▶ ACTIVITY: Begin your copy at the line that holds "Mebus Funk-Wetterstation, digitales" and carry it through the final line of the data, writing out each line exactly and omitting pictures.

▶ INPUT RECORDS:
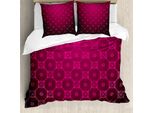 Abakuhaus Copripiumino Magenta, Stile Medievale A Righe, Antiacaro, Adatto A Chi Soffre Di Allergie, Con Federe, 200 Cm X 200 Cm - 80 X 80 Cm, Magenta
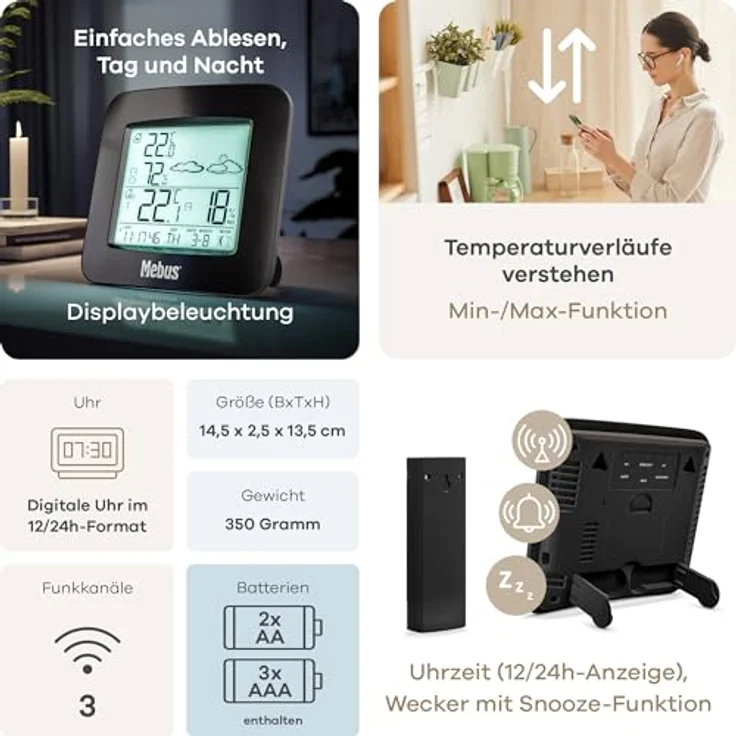 Mebus Funk-Wetterstation, digitales Innen- und Außenthermometer mit Hygrometer, Wettervorhersage und Mondphasenanzeige, schwarz – Bild 5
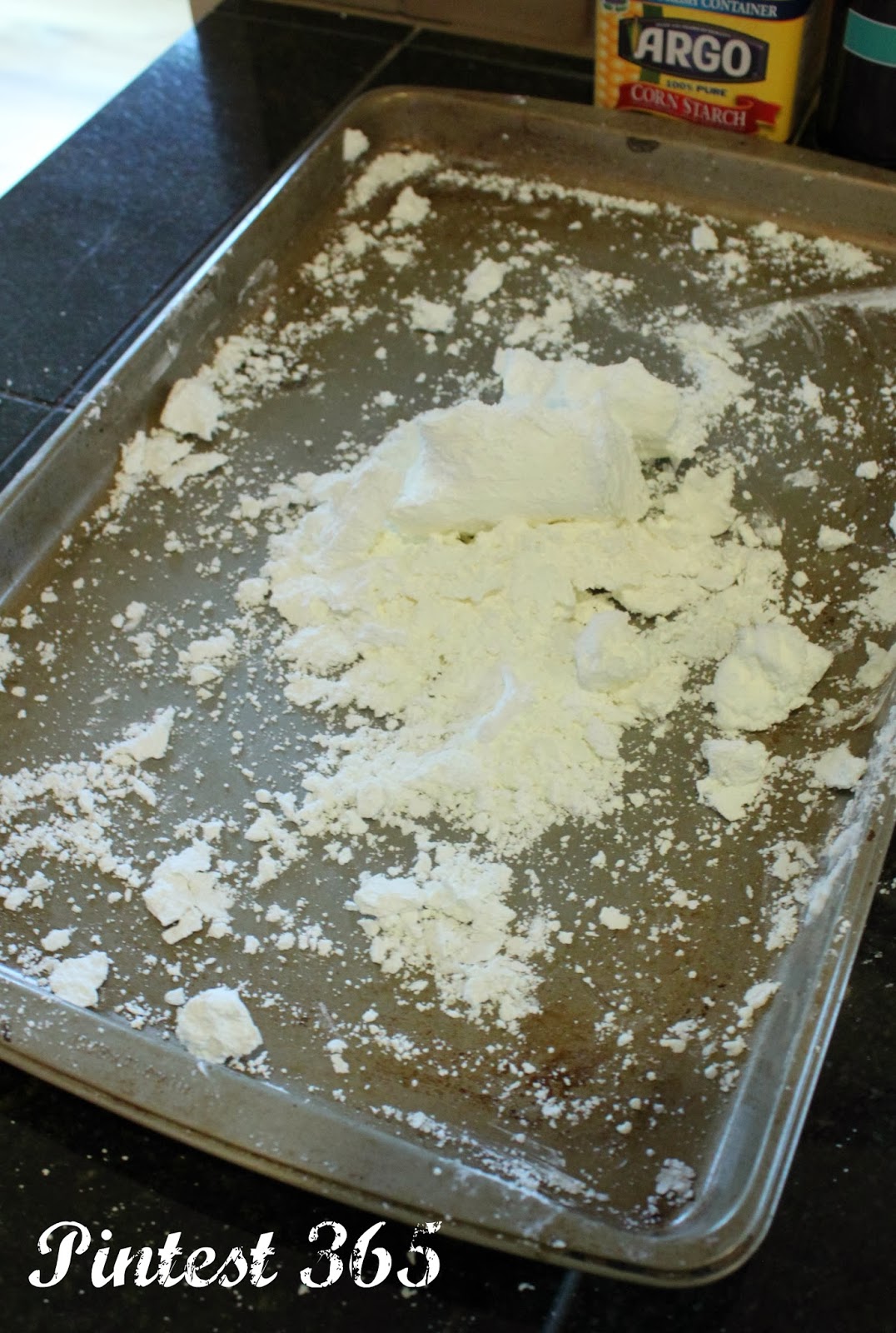 Pintest 365. Day 43 Shaving Cream + Corn Starch Foam Dough (fail).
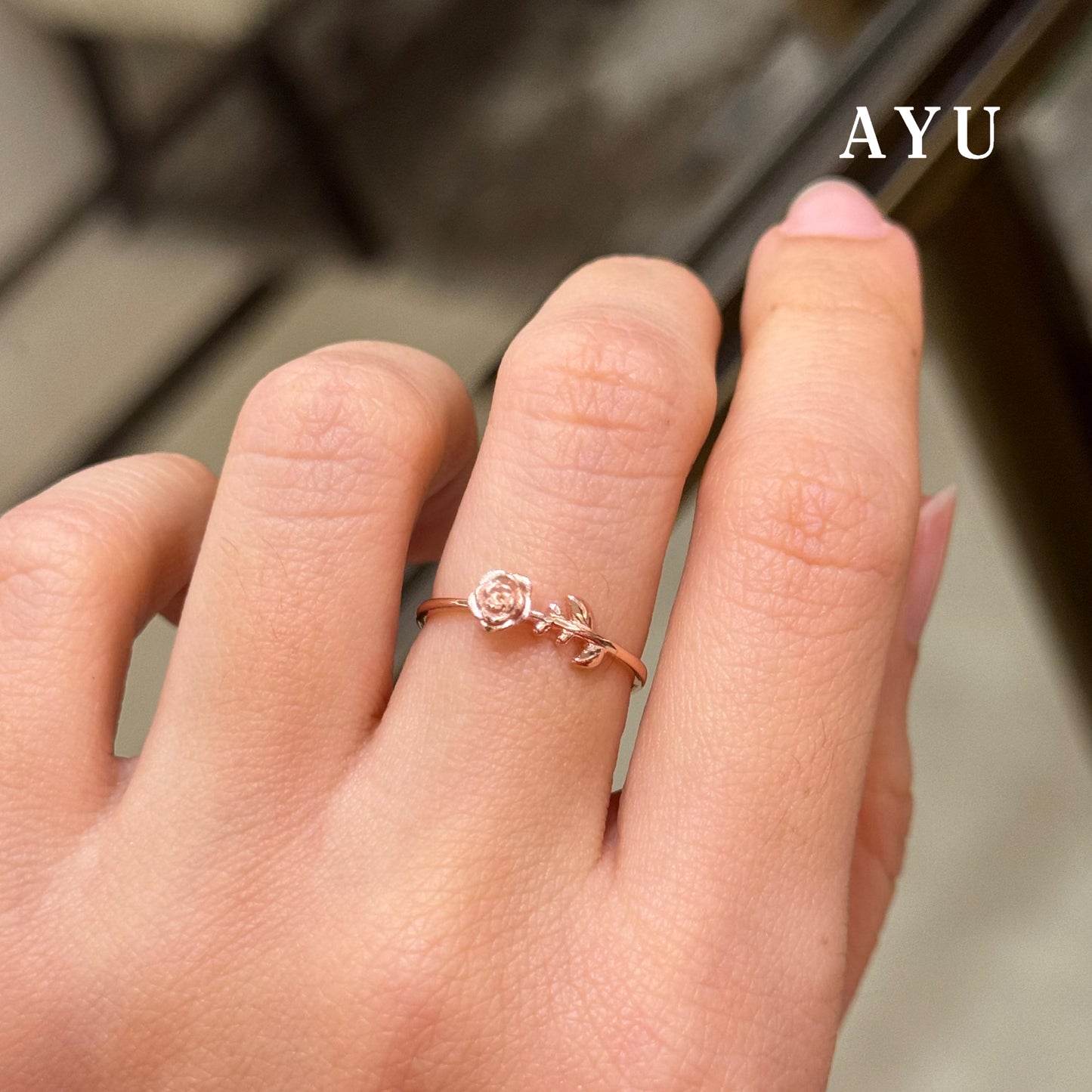 AYU Cincin Emas - Gold Enchanted Rose Ring 17K Rose Gold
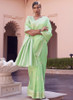 Beautiful Green Weaved Handloom Pure Linen Traditional Saree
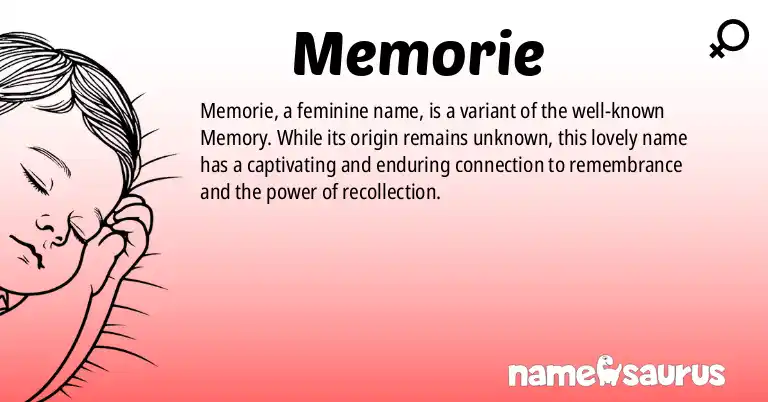 Infographic about Memorie name meaning, Memorie is a name from N/A origin(s).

▶ THE COMPLETED TASK:
 Mebus Funk-Wetterstation, digitales Innen- und Außenthermometer mit Hygrometer, Wettervorhersage und Mondphasenanzeige, schwarz – Bild 5
 Pintest 365. Day 43 Shaving Cream + Corn Starch Foam Dough (fail).
 AYU Cincin Emas - Gold Enchanted Rose Ring 17K Rose Gold
 Beautiful Green Weaved Handloom Pure Linen Traditional Saree
 Infographic about Memorie name meaning, Memorie is a name from N/A origin(s).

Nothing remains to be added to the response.